In the end I put the art books in the basement. I kept the music books upstairs. I put my playstation 2 and my sega dreamcast in a box along with games and peripherals and will drop them off at a retro game store at some point. And I filled three small moving boxes with books to donate. The room is clean and I have Radiohead’s OK Computer playing while typing this, which is appropriate, because on that album they have a track titled Everything in its Right Place which is, as best I can tell, a song which mocks people who need things to be just so — the neatniks, the control freaks, the people who line up five pencils vertically parallel just to the right of their work area, and I’ve just put everything in its Right Place, so I suppose I’ve become in the span of the last twelve hours one of these people the song appears to disparage, which is a thought that makes me smile for some reason.

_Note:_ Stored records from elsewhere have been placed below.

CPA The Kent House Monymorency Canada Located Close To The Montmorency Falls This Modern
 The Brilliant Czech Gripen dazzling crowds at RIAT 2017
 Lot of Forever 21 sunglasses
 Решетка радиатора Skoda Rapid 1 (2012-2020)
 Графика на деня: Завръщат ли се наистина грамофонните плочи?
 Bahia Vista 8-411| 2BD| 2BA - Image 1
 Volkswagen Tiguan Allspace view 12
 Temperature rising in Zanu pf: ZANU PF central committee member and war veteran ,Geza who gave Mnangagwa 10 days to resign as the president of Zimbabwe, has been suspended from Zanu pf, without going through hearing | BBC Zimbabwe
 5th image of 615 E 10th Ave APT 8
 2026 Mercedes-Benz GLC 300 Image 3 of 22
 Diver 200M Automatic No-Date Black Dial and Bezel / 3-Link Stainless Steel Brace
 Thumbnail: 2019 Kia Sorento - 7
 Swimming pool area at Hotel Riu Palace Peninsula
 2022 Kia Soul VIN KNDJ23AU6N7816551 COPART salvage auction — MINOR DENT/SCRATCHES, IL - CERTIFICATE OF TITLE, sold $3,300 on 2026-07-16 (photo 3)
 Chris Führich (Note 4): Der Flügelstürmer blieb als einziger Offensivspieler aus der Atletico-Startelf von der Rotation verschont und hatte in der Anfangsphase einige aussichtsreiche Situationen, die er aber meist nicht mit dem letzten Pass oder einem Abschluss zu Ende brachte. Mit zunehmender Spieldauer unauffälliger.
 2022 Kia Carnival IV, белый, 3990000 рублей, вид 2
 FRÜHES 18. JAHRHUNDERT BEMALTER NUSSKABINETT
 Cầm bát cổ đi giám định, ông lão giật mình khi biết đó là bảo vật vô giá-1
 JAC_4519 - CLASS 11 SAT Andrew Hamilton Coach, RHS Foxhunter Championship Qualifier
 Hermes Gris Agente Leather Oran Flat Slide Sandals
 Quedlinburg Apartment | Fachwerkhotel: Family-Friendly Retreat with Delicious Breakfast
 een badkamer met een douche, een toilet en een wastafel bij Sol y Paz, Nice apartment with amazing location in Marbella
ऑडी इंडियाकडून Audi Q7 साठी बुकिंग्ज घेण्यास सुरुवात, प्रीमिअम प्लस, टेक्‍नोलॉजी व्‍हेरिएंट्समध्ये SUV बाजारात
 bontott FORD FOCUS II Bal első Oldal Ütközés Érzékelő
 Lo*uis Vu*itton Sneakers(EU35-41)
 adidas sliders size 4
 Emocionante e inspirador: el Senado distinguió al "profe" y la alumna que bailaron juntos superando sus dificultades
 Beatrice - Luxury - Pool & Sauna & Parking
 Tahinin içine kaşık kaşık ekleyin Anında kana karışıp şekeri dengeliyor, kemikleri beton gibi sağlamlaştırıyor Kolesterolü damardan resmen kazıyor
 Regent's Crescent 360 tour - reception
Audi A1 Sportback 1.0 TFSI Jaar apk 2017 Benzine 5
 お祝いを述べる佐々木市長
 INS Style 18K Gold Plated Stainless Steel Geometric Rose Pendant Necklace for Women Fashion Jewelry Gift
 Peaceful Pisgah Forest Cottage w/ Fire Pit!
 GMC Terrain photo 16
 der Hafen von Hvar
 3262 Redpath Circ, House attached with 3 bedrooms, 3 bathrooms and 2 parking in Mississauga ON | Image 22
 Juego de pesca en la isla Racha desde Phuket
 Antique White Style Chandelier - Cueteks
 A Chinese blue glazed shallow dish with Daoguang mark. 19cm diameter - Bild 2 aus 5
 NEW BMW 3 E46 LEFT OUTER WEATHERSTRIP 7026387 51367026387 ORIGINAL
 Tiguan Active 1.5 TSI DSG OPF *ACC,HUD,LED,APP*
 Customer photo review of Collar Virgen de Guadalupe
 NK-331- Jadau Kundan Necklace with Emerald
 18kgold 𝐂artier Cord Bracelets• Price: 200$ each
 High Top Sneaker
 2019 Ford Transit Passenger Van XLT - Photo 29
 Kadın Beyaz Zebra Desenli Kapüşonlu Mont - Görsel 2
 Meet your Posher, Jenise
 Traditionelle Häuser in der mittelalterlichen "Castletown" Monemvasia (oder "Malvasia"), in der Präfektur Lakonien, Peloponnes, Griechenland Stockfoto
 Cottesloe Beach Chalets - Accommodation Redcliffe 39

Reorganize Home Office Project: Complete.
I was able to do all of this work in the evening yesterday because my wife still has covid — it’s been 11 days now! — and she still feels like crap and she fell asleep around seven. It’s getting to the point where she needs to set up an appointment with her PCP and have a more thorough evaluation. Her brother has been stepping up and doing the extra parent care while she’s been sick which is sort of a subject of an entirely separate journal entry I have been meaning to write called The Upside of Covid. It’s been nice to have her around and sick and not doing parent care. She feels lousy physically but the stress of parent care is much reduced which results in, overall, a happier spouse, believe it or not.
That’s right, having a 11+ day bout of covid, complete with hacking cough, congestion, blocked sinuses and headaches is still preferrable to taking care of dementia-addled oldsters. You heard it here first.
I do hope she feels better soon – but I hope you’ll keep that news from her brother. 😉
I just put my “teacher clothes” in the basement (crawl space). Perhaps a basement can also be proof of a dream that lived? I also organized bookshelves. Third category: Books to Put in the Trash (= math textbooks from the 80s. Good god, the things I’ve kept.)
@justallie I love your category additions. Yes, proof of a dream that lived is great. Not that different from me leaving books on my shelves that I’ve read and know I’m not going to read again but want to leave there because they meant something to me — they remind me that they are a part of my identity.